Bisnis.com, JAKARTA - Indonesia Corruption Watch (ICW) menilai bahwa kapasitas kepala desa harus ditingkatkan menyusul adanya dugaan korupsi dana desa oleh sejumlah desa fiktif atau tak berpenghuni namun turut menerima aliran dana pemerintah.
Apalagi, KPK dan Kepolisian saat ini tengah mengusut dugaan itu di Kabupaten Konawe, Sulawesi Tenggara, karena adanya kerugian negara atau daerah atas Dana Desa (DD) dan Alokasi Dana Desa (ADD) TA 2016-2018.
Peneliti ICW Tama S Langkun mengatakan bahwa peningkatan kapasitas kepala desa penting lantaran tak jarang ditemukan sejumlah kepala desa yang menurutnya tidak mampu untuk mengelola anggaran.
Bahkan, lanjut Tama, ditemukan juga kepala desa yang tidak mampu membuat laporan pertanggungjawaban sehingga menimbulkan temuan-temuan dugaan korupsi dana desa.
"Nah, ini menurut saya menjadi problem-problem ke depan yang harus diselesaikan untuk mencegah dana desa di korupsi," tuturnya, di Gedung ACLC KPK, Jumat (8/11/2019).
Namun demikian, upaya untuk mencegah korupsi dana desa menurutnya harus diawali melalui penguatan fungsi pengawasan dari pemerintah.
Pengawasan dimulai dari proses keluarnya anggaran, dialirkan ke pemerintah daerah, diterima oleh desa-desa hingga bagaimana anggaran tersebut dikelola.
"Makanya upaya akuntabilitas dan transparansi itu menjadi salah satu modal dasar pengelolaan dana desa," ujar Tama.
Selain itu, yang terpenting adalah peran dan kesadaran dari masyarakat desa agar memahami pola dan mekanisme bantuan dana desa dari pemerintah.
[Masyarakat desa] harus paham bagaimana anggaran desa tersebut bergulir untuk digunakan," kata Tama.
Sebelumnya, Komisi Pemberantasan Korupsi (KPK) setidaknya menemukan empat potensi masalah terkait dana desa menyusul kajian yang telah dilakukan pada 2015.
Kajian yang dilakukan dalam pelaksanaan tugas pencegahan KPK itu menemukan masalah dana desa terkait tumpang tindih regulasi antara Kemendagri dan Kemendes; tata kelola; pengawasan; serta masalah sumber daya manusia.
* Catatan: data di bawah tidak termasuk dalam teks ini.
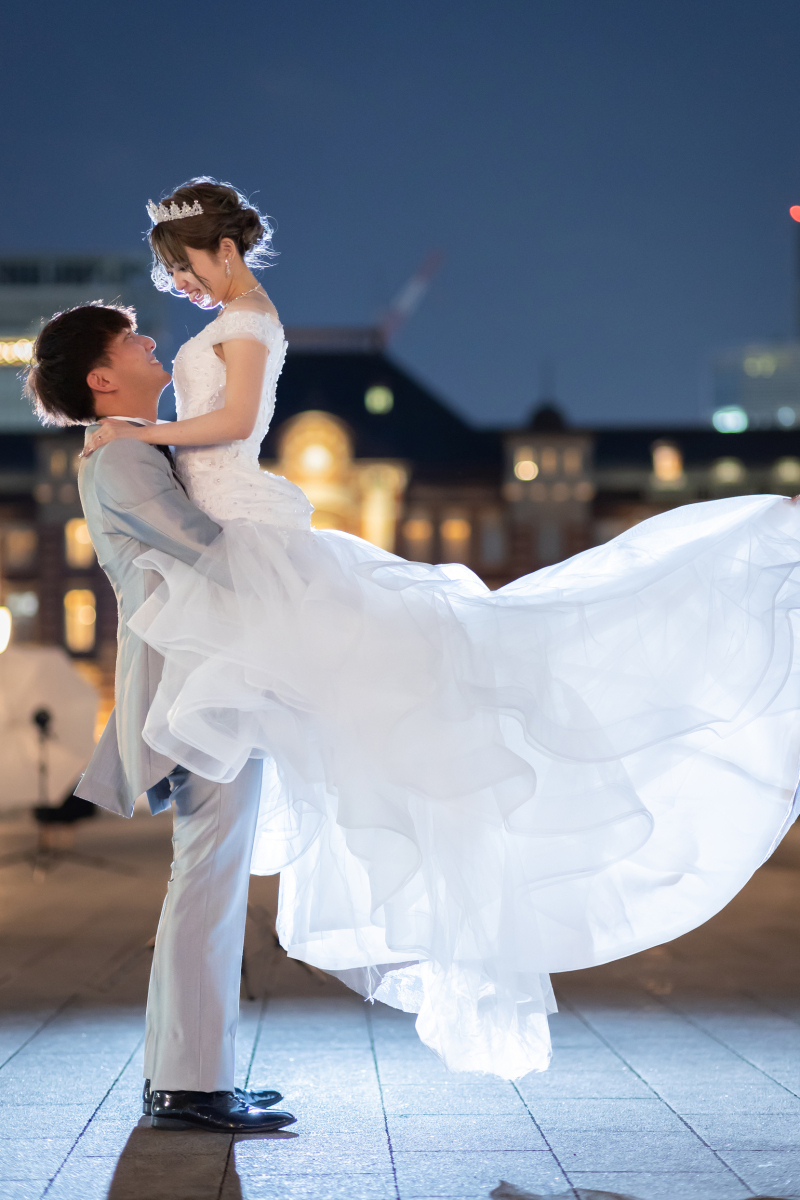 前抱っこでドレスもフワッと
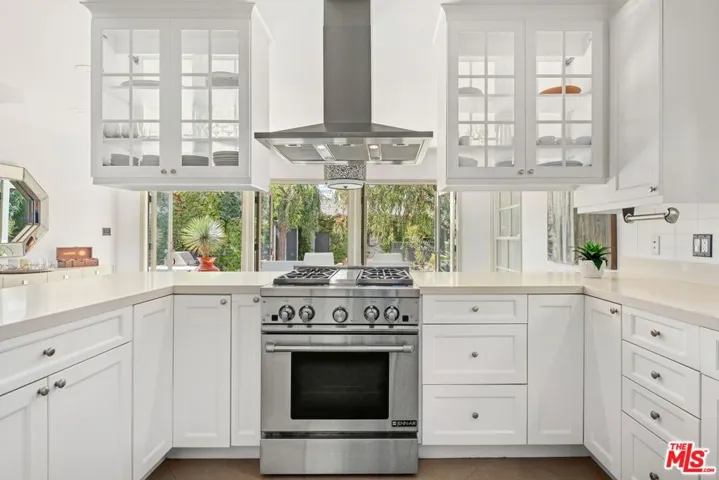 449 Westbourne Drive, West Hollywood, California 90048 — photo 4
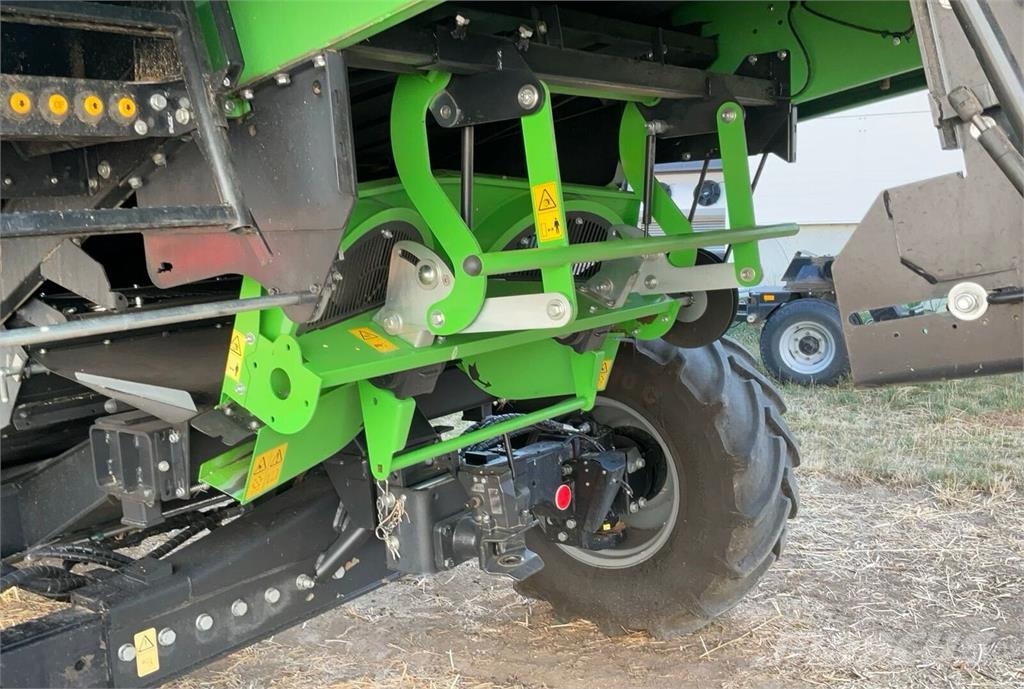 Deutz-Fahr C9306 T5 Combine harvesters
Pertama, terkait masalah regulasi. Juru bicara KPK Febri Diansyah mengatakan masalah muncul karena belum lengkapnya regulasi dan petunjuk pelaksanaan yang diperlukan dalam pengelolaan keuangan desa.
Selain itu, lantaran potensi tumpang tindih kewenangan antara Kementerian Desa dan Ditjen Bina Pemerintahan Desa Kementerian Dalam Negeri.
"Kewajiban penyusunan laporan pertanggungjawaban oleh desa tidak efisien akibat ketentuan regulasi yang tumpang tindih," kata dia, Rabu (6/11/2019) malam.
Dia mengatakan masalah itu karena formula pembagian dana desa dalam PP No. 22 tahun 2015 dinilai tidak cukup transparan dan hanya didasarkan atas dasar pemerataan.
Kemudian, pengaturan pembagian penghasilan tetap bagi perangkat desa dari ADD yang diatur dalam PP No. 43 tahun 2014 kurang berkeadilan.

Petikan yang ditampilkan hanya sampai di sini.